И Марк Сполиатор сам схватывает острое лезвие меча противника и окровавленной рукой направляет его себе в горло. Гладиатор-победитель нажимает на меч, как бы прикалывая им шею побежденного к земле. Кровь яркой пурпурной струей брызжет вверх, обливает руку победителя и разливается по блестящему песку из серебристой слюды. Несколько быстрых содроганий, и жизнь Марка Сполиатора кончена.
Победитель вынимает свой меч из неподвижного трупа. Со всех сторон он слышит восторженные приветствия, и римские красавицы, с радостной улыбкой, бросают к его ногам розу за розой: белые, бледные, темно-пурпуровые и ярко-красные розы падают в кровь, обагрившую арену.
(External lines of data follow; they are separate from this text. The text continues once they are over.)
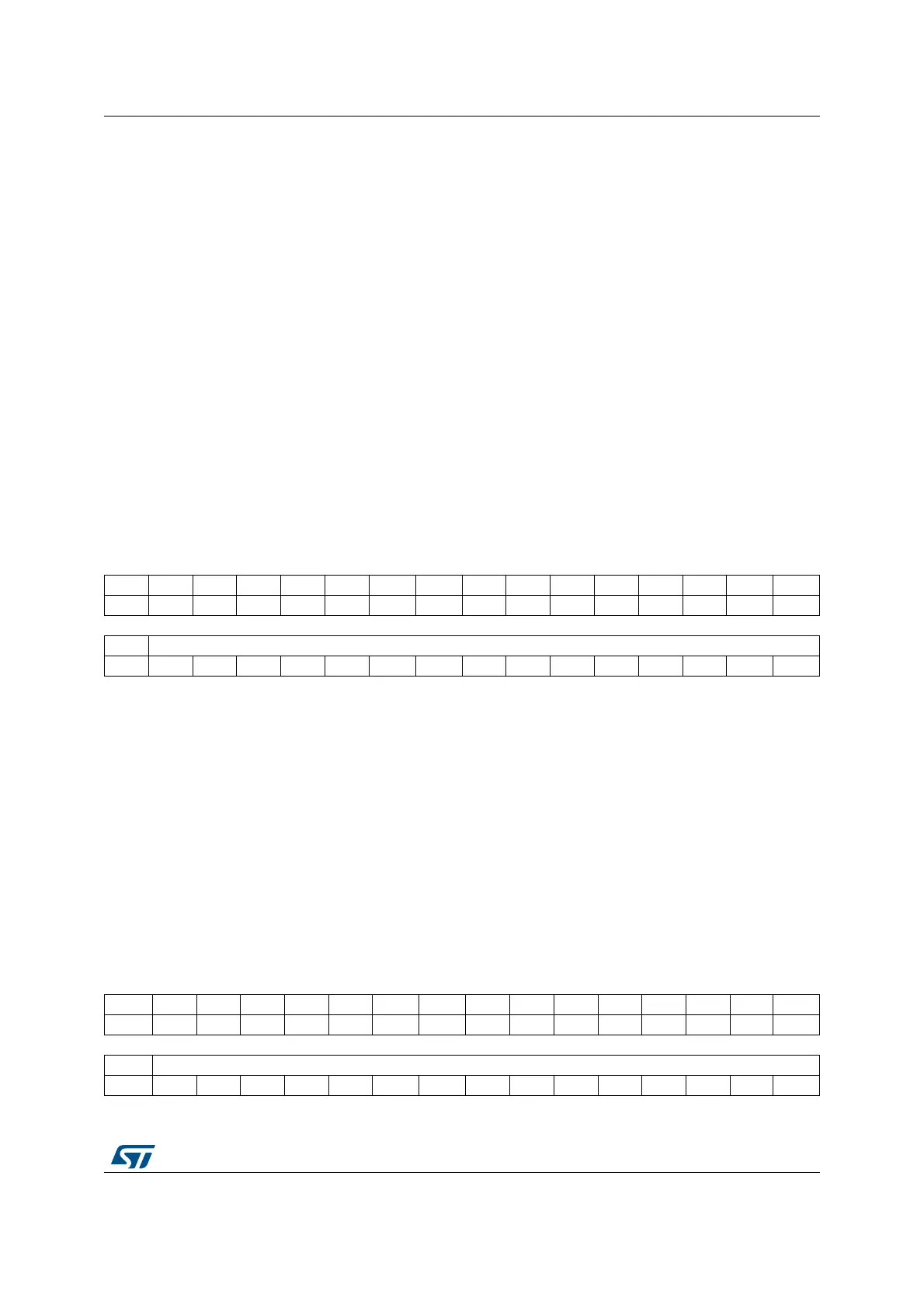 Page #141 background image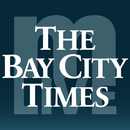 Bay City Times APK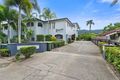 Property photo of 2/28 Springfield Crescent Manoora QLD 4870
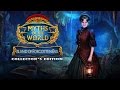 Myths of the World: Island of Forgotten Evil Collector&#39;s Edition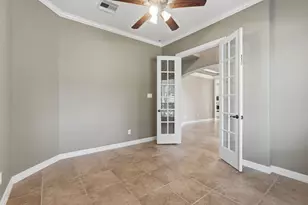 12010 Hodges Grove Ln, Tomball, TX 77377 - Photo 9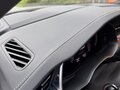 2025 Audi Q8 50 TDI I (4M) Рестайлинг, серый, 12950000 рублей - вид 9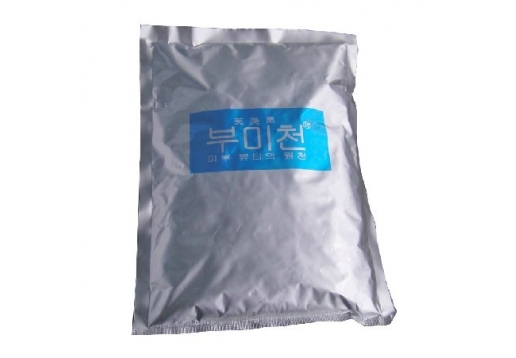 芙美泉 洋甘菊修复软膜500g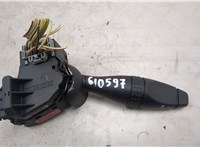  Переключатель дворников (стеклоочистителя) Ford Mondeo 3 2000-2007 20458264 #2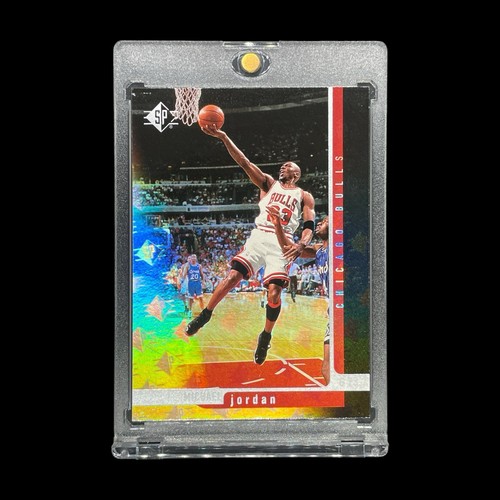 Michael jordan rainbow - michael,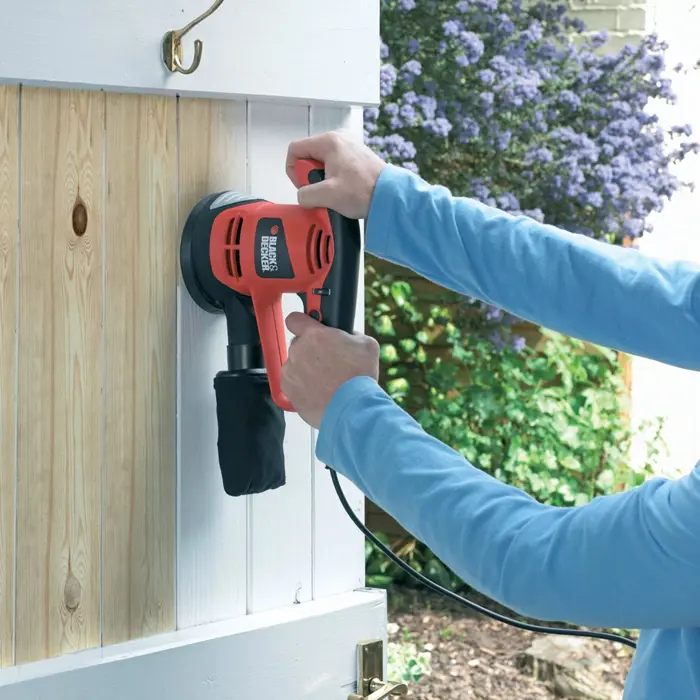 black-decker-ka191ek-qs-portable-sander-31494-nelbdeska0006.webp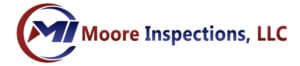 Moore Inspections logo.png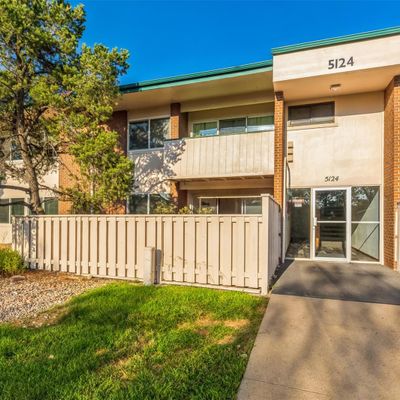 5124 Williams Fork Trl #110, Boulder, CO 80301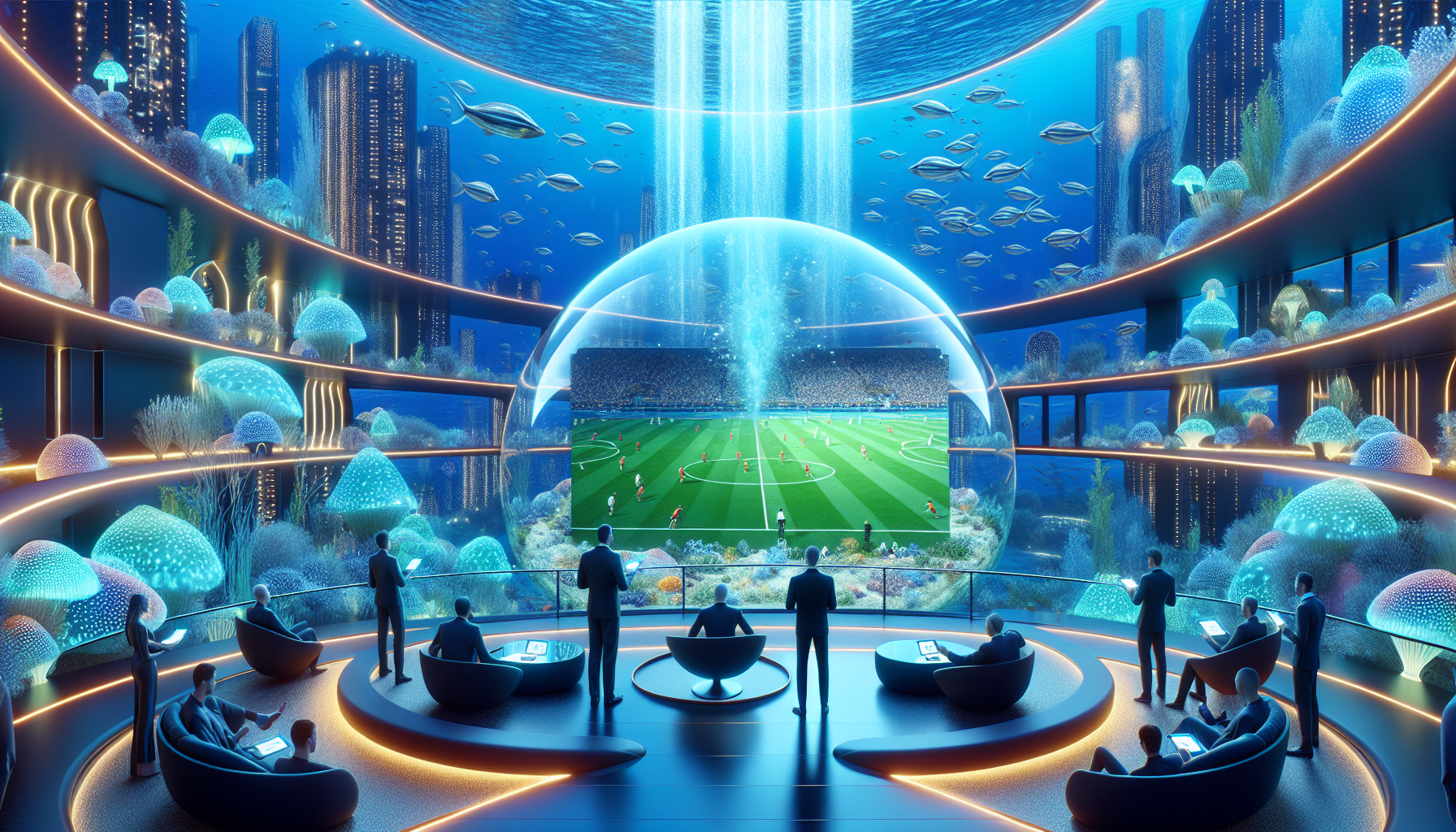 레고 토토 가입쿠폰 october 2025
Победитель зажимает теперь свободной рукой свою первую рану, кланяется и при всеобщем ликования уходит с арены. Несколько женских голосов кричат вслед ему: missio! missio! rudis [Отпущение на волю раненого гладиатора называлось missio. Rudis -- род рапиры, которую давали заслуженным гладиаторам-победителям при отпущении их на волю, и тогда они назывались rudiarii. Это избавляло их от обязанности, но не лишало права вновь выступить гладиаторами по добровольному найму]. Но они теряются в общем гуле.
И только теперь замечает толпа, что две другие пары гладиаторов, изрезав друг друга, корчатся в предсмертных муках на другом конце арены, ползая по окровавленному песку. Служители цирка направляются к ним, чтоб приколоть их насмерть.
Зрелище кончено.
Толпа встает и расходится, то продолжая говорить о виденном, то смеясь остротам и шуткам, то переходя к разговорам о домашних делах.
Слонообразные каппадокийские рабы подхватили на свои широкие плечи золоченые носилки и понесли своих знатных господ и госпож к давно ожидающему их обеду. Бесцеремонно расталкивают они толпу, торопясь вперед, а их в свою очередь обгоняют горячие кони, запряженные в роскошные pilenta [Pilentum -- род кареты, в которой ездили римские дамы] -- роскошь недавняя, непозволительная, стесняющая движение и возбуждающая общий ропот не только пешеходов, но и владельцев лектик.
У ворот сполиариума кучка черни глазеет в отворенную дверь на убитых гладиаторов. Несколько суеверных смельчаков пробрались к самым трупам. Они отыскивают, нет ли оживших, еще дышащих, и, найдя, жадно впиваются губами в свежие раны и пьют горячую кровь из живого, трепещущего тела: говорят это лучшее целебное средство от всех недугов.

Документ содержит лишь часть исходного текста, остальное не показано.